**Task item**
For the data below, retype word for word the lines from the one containing "The vertex, or" through the one containing "So it has smaller"; drop the pictures.

**Records shown**
§ §
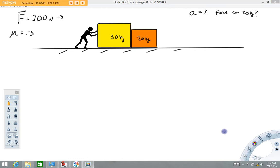Hi folks! Welcome back to Physics with Captain Rod. The purpose of this video is to demonstrate how Newton's Second Law can be applied to systems that have multiple parts, and we're going to look at how to incorporate frictional forces.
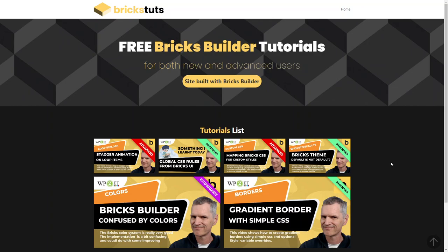So kudos to Bricks. I'm really impressed, and I hope you are too. Thank you.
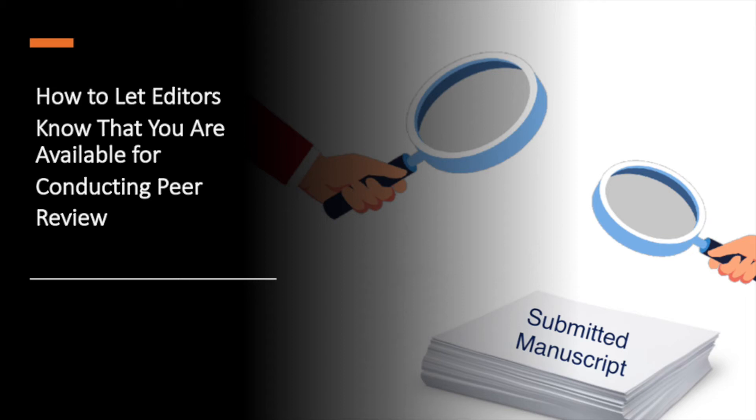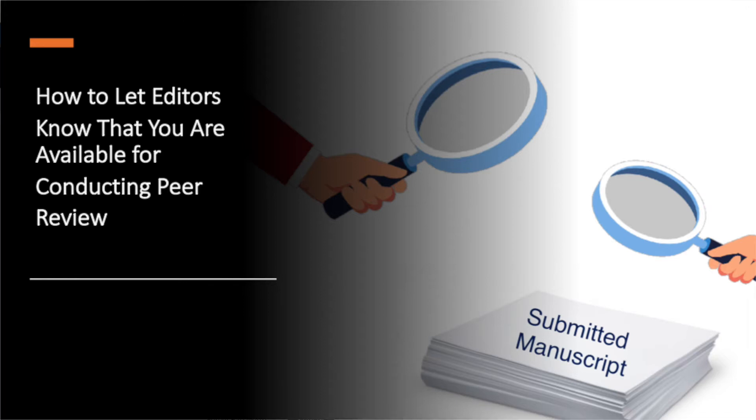Hi, this is Madison and in this video I'm going to show you how to let the editors know that you're open to conduct peer review. Let's get started!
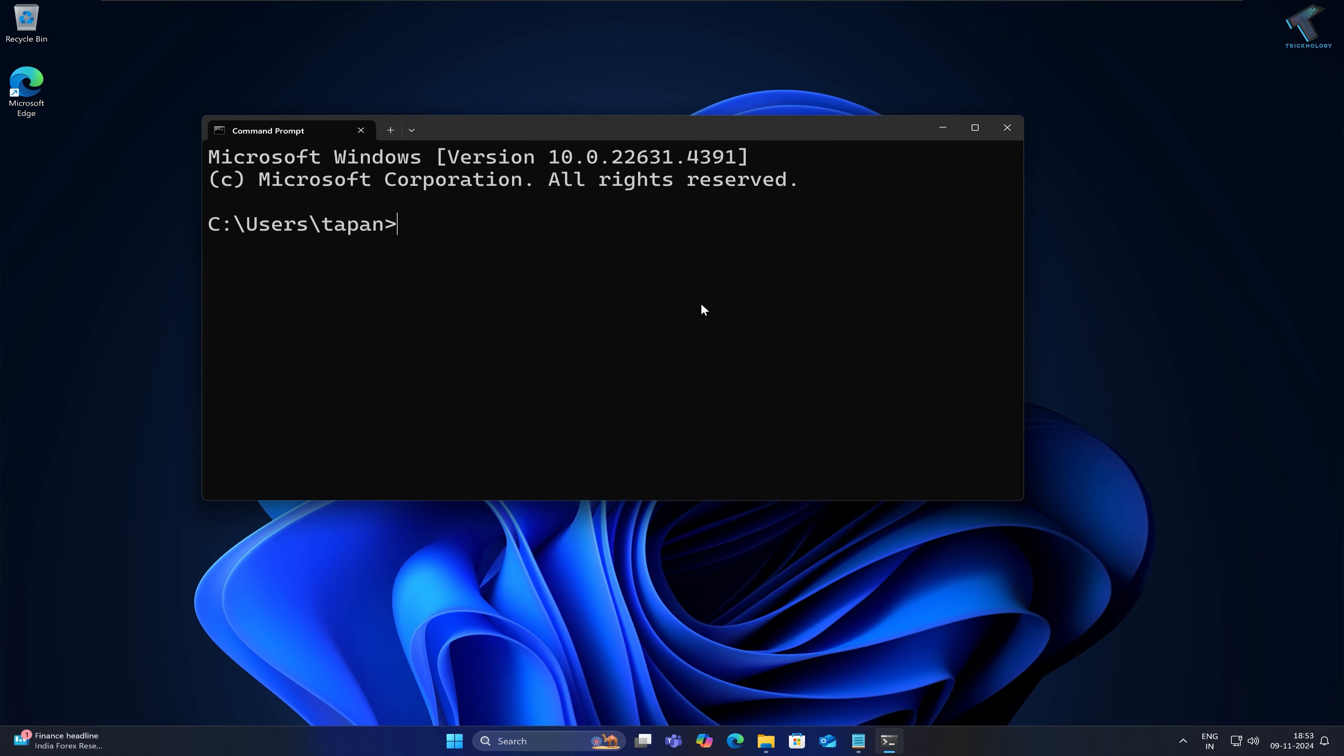The command is: rundll32.exe space user32.dll comma LockWorkStation. Type this command exactly as shown.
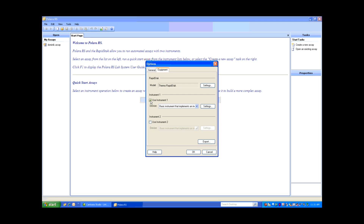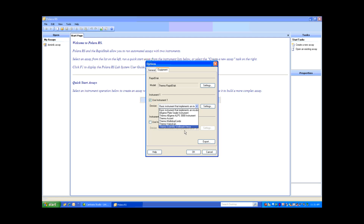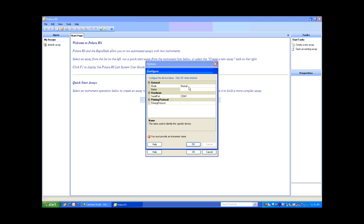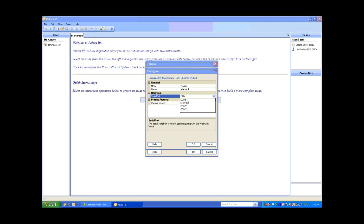Next I'm going to select one instrument. I'll bring down the tab, which shows all the instruments available for use in my system. Today I'm going to select the WellWash Versa. For the settings, I'm going to be in the Normal setting because I'm connected to a Versa. I'm going to give my Versa a name — I'll call it Versa 1 — and identify the Comport. I know this Versa is on Comport 10, and I'm going to select OK.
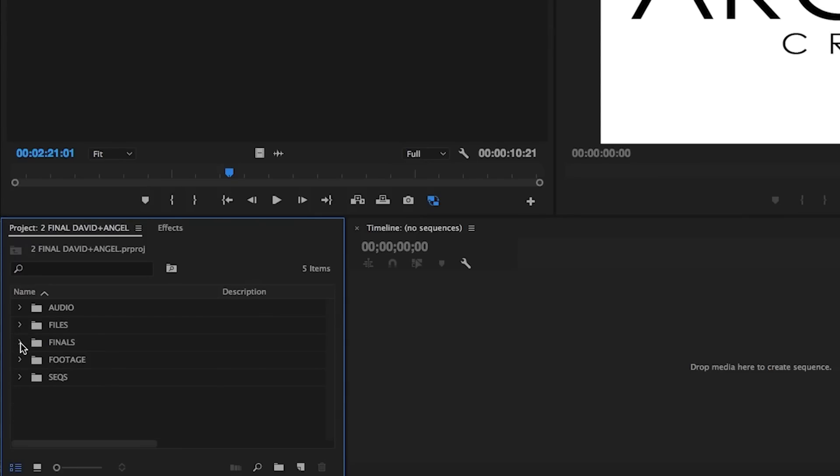Our third bin is our finals bin. Because we've divided the post-production process between a team, it's important that we all know which sequence to use when it comes to our turn on the project.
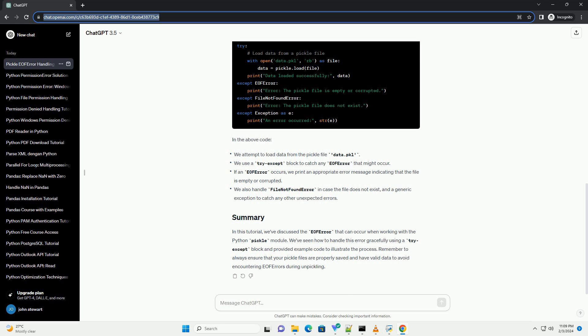To handle the EOF error gracefully, you can use a try-except block to catch the exception and perform appropriate error handling. Here's how you can handle EOF error when loading data from a pickle file.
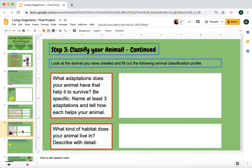When classifying your animal, what adaptations does it have that help it survive? Be specific — name at least three adaptations and tell how each one helps your animal survive. What kind of habitat does your animal live in? Describe it in detail: what its home is like, where it lives, and the environment around it.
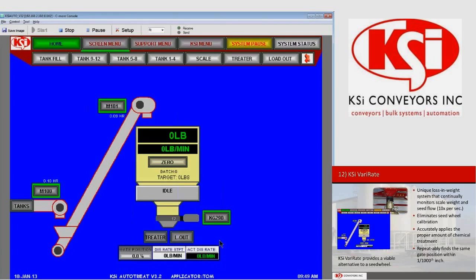On the scale page we have some additional information at the bottom. The field on the left is gate position, which tells you how far open or closed that gate is as a percentage. For example, if you are treating at 1,600 pounds per minute and gate position shows 30%, the gate is 30% open to deliver that rate — as you increase the rate, this percentage will increase. The field in the middle is the discharge rate set point, which reflects what you have set on your order — for instance, 1,600, 1,800, or 2,600 pounds per minute.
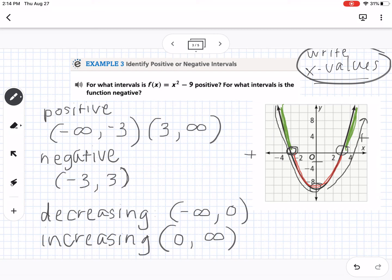The vertex, or the lowest point of our graph, is the minimum. Where the graph crosses the x-axis we call those x-intercepts — we can also call them zeros. Those are the intervals of positive, negative, increasing, and decreasing.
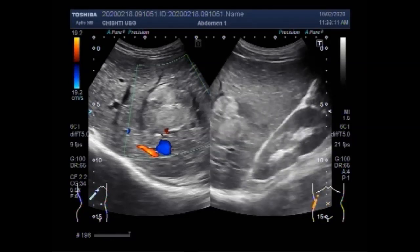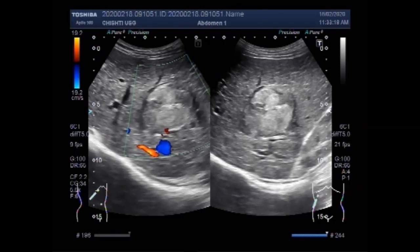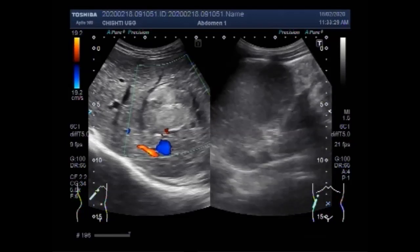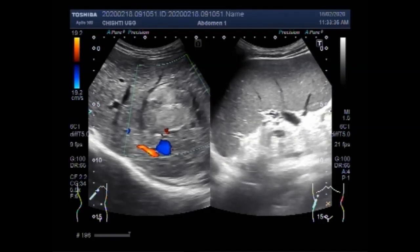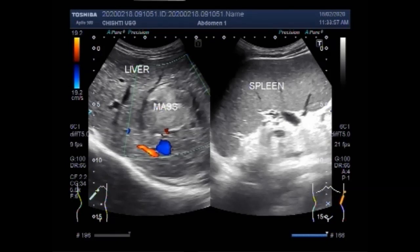Now again you can see the large hepatic mass, which has slightly heterogeneous echogenicity. The size of the liver is normal — there is no hepatomegaly — but there is mild splenomegaly with no ascitic fluid. Thanks for watching.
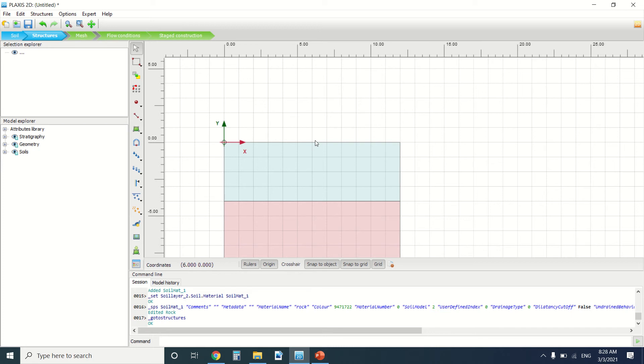So it has smaller diameter like 0.3, 0.4, 0.5 meters, and it's not very deep, about three, four, five meters.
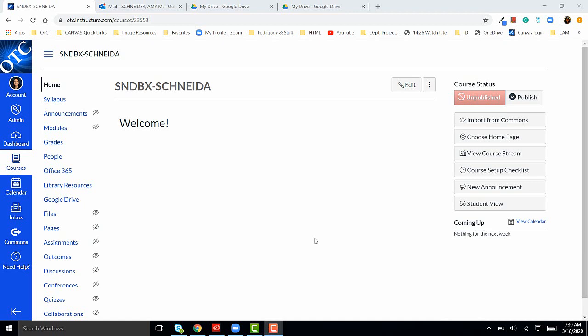Hello, today I'm going to show you how to add a quiz question to a quiz in Canvas. From the course menu, we're going to click on quizzes.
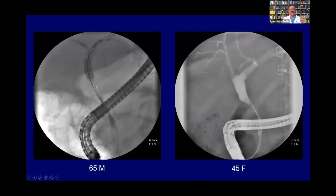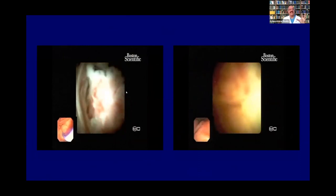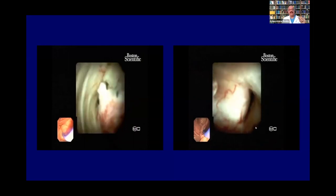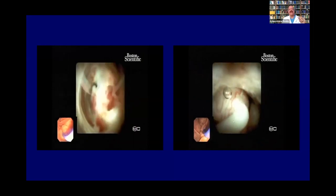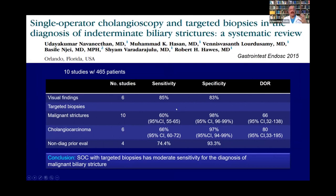Here's a dramatic example: two strictures, high-CBD and mid-CBD, both looked like cholangiocarcinoma. All other investigations were normal. When we did cholangioscopy, we found very interesting pictures. On the left, a high-CBD stricture showed a polypoid lesion — biopsies revealed B-cell lymphoma, treated with radiation and chemotherapy. On the right, caseating material was coming out — tuberculosis. Both conditions that would have gone for surgery were instead treated very adequately. Systematic research by Navaneetan confirmed cholangioscopy has very high sensitivity and specificity in indeterminate biliary strictures.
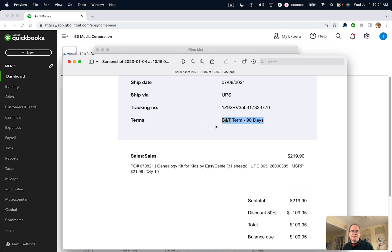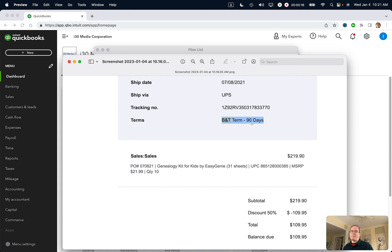This is an old invoice that I issued via QuickBooks. It says B&T term 90 days. So I created this custom type of term in QuickBooks so this particular vendor could just pay in 90 days. I'm going to show you how to create your own.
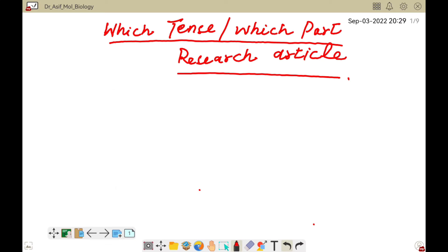Welcome to another video tutorial. In this video I will tell you which tense should be used in which part of a research article. We usually know that there are different parts of a research article.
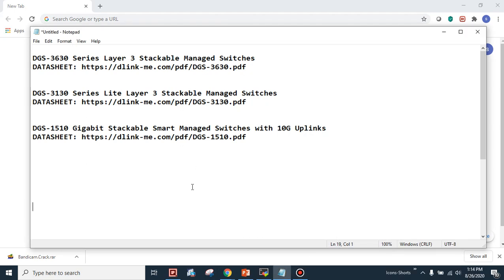Today's recording is related to the D-Link DGS 3630, 3130, and 1510 gigabit switches. I already attached the datasheet link in the description — you can download and review it. The DGS 3630 is a Layer 3 core switch, the 3130 is a Layer 3 stackable managed switch, and the 1510 is a gigabit stackable smart switch.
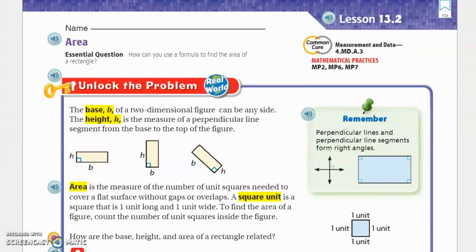Hey guys, welcome back. Today we're going to do lesson 13.2 in Chapter 13 of your Go Math series. 13.2 is different from 13.1 — 13.1 was on perimeter. Remember, perimeter is adding sides: side plus side plus side plus side. Area, however, think of it like an array — you're multiplying the length times the width, or the base times the height.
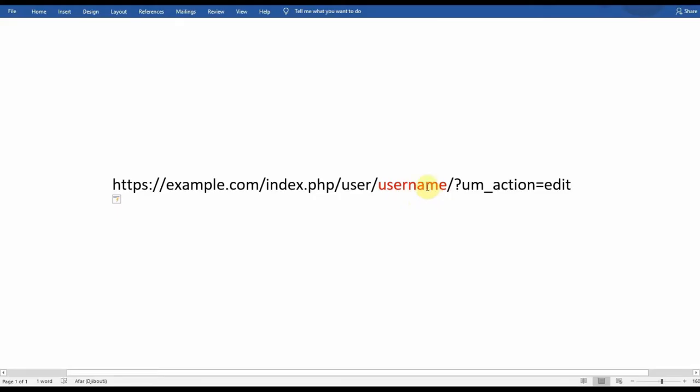This is how the link to Profile Edit in the browser looks like, but we cannot use this link because we can't replace the username with a dynamic link.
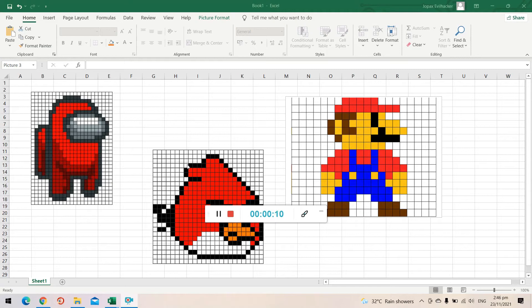In this video I will show you how to get started doing your own pixel art using Microsoft Excel. Creating pixel art using Microsoft Excel is fun and a great lesson for students that are just learning Microsoft Excel.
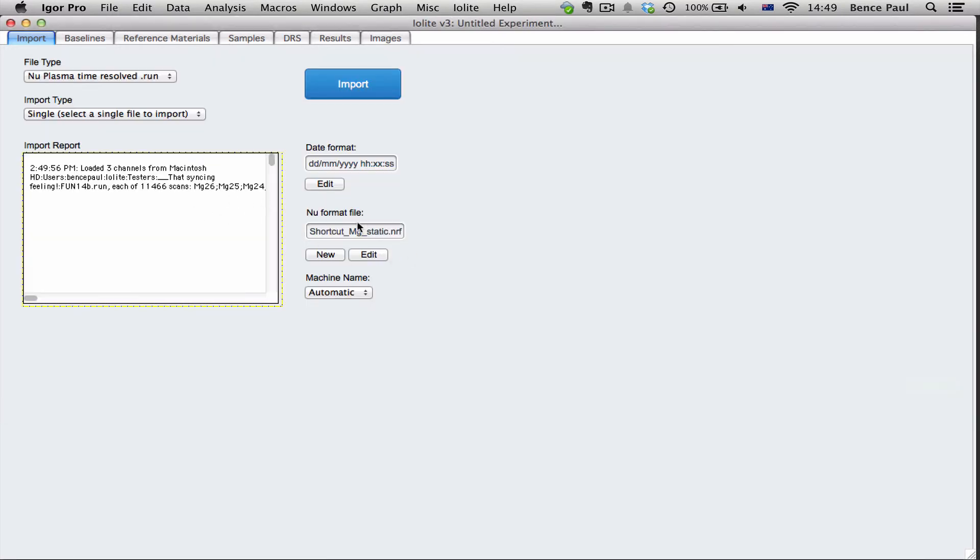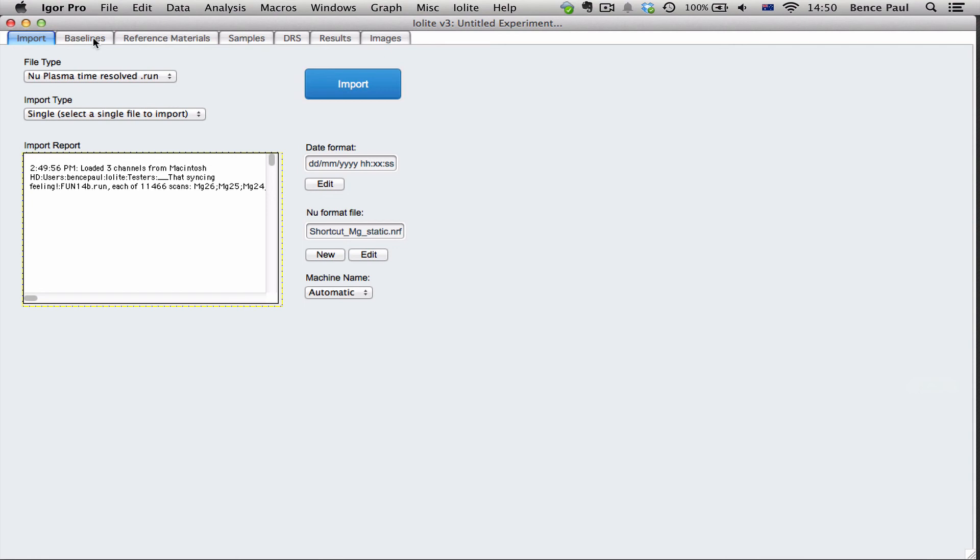We don't have to create a format file every time we want to import .run files. It's only for the first time that you import a .run file that has a new format file. So I hope that explains it for you. If you have any troubles please feel free to post to the forum and we'll help you out. Thanks very much.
§ §
**Solution for this task**
The vertex, or the lowest point of our graph, is the minimum. Where the graph crosses the x-axis we call those x-intercepts — we can also call them zeros. Those are the intervals of positive, negative, increasing, and decreasing.
Now again you can see the large hepatic mass, which has slightly heterogeneous echogenicity. The size of the liver is normal — there is no hepatomegaly — but there is mild splenomegaly with no ascitic fluid. Thanks for watching.
So it has smaller diameter like 0.3, 0.4, 0.5 meters, and it's not very deep, about three, four, five meters.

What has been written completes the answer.